In the debate at the World Economic Forum, former top U.S. diplomat Richard Haass said there were no good options should diplomacy fail, but stood apart from the others in advocating force as a viable option. He sparred repeatedly with Saudi Arabia's Prince Turki al-Faisal, who urged the United States to instead pressure Israel to quit its own reported nuclear weapons as a way of coaxing Iran to drop its suspected weapons program as well.
Haass replied that there was no time for this because of the speed of Iran's program — and rejected the assertion by Turkish Deputy Prime Minister Ali Babacan that the program might be civilian, as Tehran has repeatedly claimed.
The Davos panel thus reflected the basic disagreement that divides world powers and bedevils diplomatic efforts: All seem to oppose Iran producing a nuclear weapon, but there are disagreements over whether to believe its protestations. And down the road lies the open question of whether war is worse than acquiesence.
Iran "is not interested in any serious way to produce electricity," said Haass, who is president of the Council on Foreign Relations, an influential U.S. think tank. "Let's not kid ourselves: This is about a sustained Iranian commitment to either develop nuclear weapons or get 90 percent of the way there" — perhaps sufficing with a status as "a 'threshold nuclear weapons state' in the belief that they could derive most of the benefits (without) incurring most of the costs."
Most of the other panelists at the debate hosted by the Al-Arabiya satellite TV channel stressed that diplomacy should be the focus of current efforts.
"We should use every single opportunity to reach our goal on the diplomatic path," said German Defense Minister Karl-Theodor zu Guttenberg.
Babacan argued that "there is a huge misunderstanding between the Western world and some in the (Middle East) and Iran. ... Marginalizing Iran more and more, or cornering them more and more ... is not going to give any kind of (solution)."

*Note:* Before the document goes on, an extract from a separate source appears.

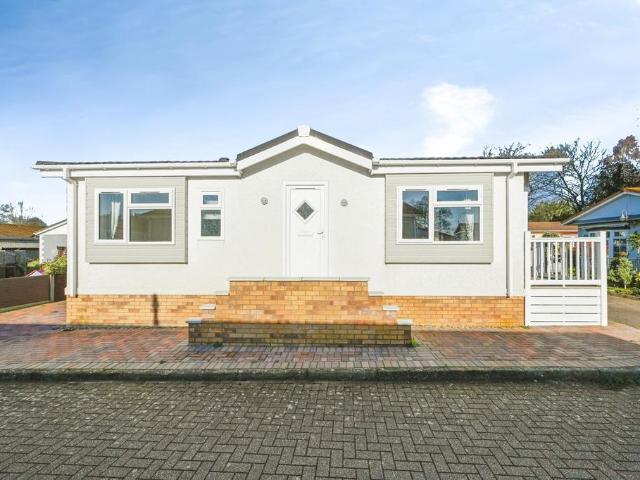 Bungalow for sale in South Lynn, Brookville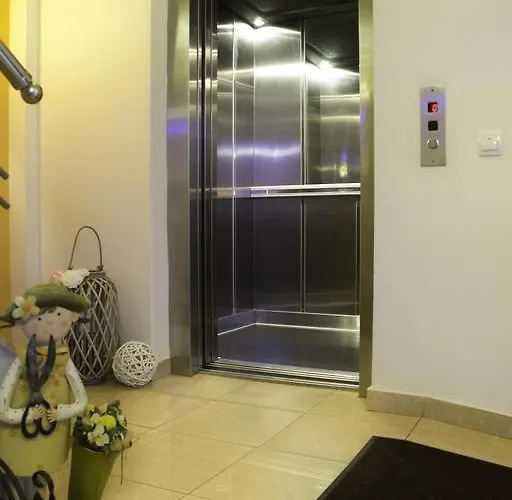 Ilion Hotel 2*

"The Iranians see diplomacy as a tactic to buy time," Haass countered. "I don't think it's going to work." Although he advocates tougher sanctions as a tactic, Haass said he feared an ultimate choice between two bad options: accepting a nuclear-armed Iran — or using military force to set back the Iranian program however possible, despite the risk of only partial success.

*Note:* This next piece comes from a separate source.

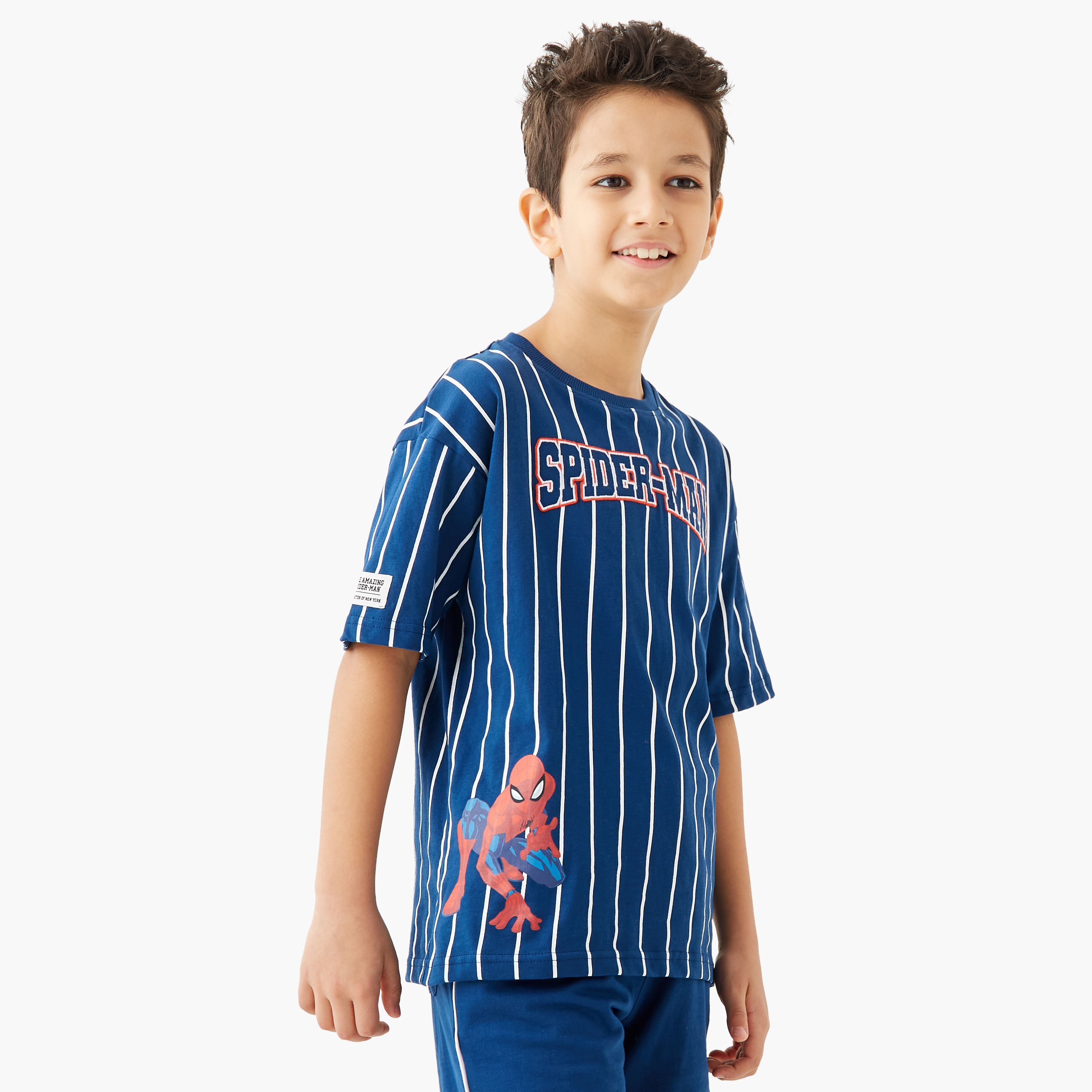 طقم شورت وتيشيرت بطبعات سبايدرمان-boys-clothing-setsandcoords-image-2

"I do believe that force is a serious option," he said, arguing that a nuclear Iran would place this region on a knife's edge. It would take the most dangerous, unstable part of the world and place it on steroids. This has tremendous consequences which we should not underestimate."

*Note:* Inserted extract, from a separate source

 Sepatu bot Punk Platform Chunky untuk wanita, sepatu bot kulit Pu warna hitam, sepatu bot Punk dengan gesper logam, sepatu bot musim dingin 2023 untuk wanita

Al-Faisal, who served as an ambassador to the U.S. and is an ex-intelligence service director, responded to a question about whether a push for democracy across the Middle East might be more worrisome than a nuclear-armed Iran.
"I don't know — in Saudi Arabia we have neither nuclear weapons nor democracy," he said.
The panelists were aghast at the prospect of a stricken Iran, bent on revenge.
Khalid Al Bu-Ainnain, a former top Gulf military official, said Iran would "attack Israelis and U.S. forces in the Gulf" and the Gulf states might be drawn in as well.
Turki, a former Saudi intelligence chief who is a brother of Foreign Minister Prince Saud al-Faisal, said that "Iran will strike back wherever it can, throughout the globe. My country and other countries — all countries — will be in the firing line. Iran has assets all over the world that it can use."
Guttenberg said Europe may get drawn in: "The (Middle East) is on fire and then ... we will have European discussions on being involved, yes or no. This is a sheer disaster. ... Let's try to avoid it diplomatically."
Not to be outdone, Haass added that Iran might interfere with the flow of oil as well.
Haass said that he took part in past U.S. deliberations on what to do about North Korea's nuclear program, and that force was discussed then also. With North Korea and Pakistan now both possessing nuclear weapons, his conclusion is that the world has been too lax: "If there were (ever) a mix of terrorism and nuclear materials, that dangerous mixture is more likely to come from Pakistan in our lifetime than anywhere else."
"A nightmare scenario," sighed Turki, emphatically agreeing with his American co-panelist at last.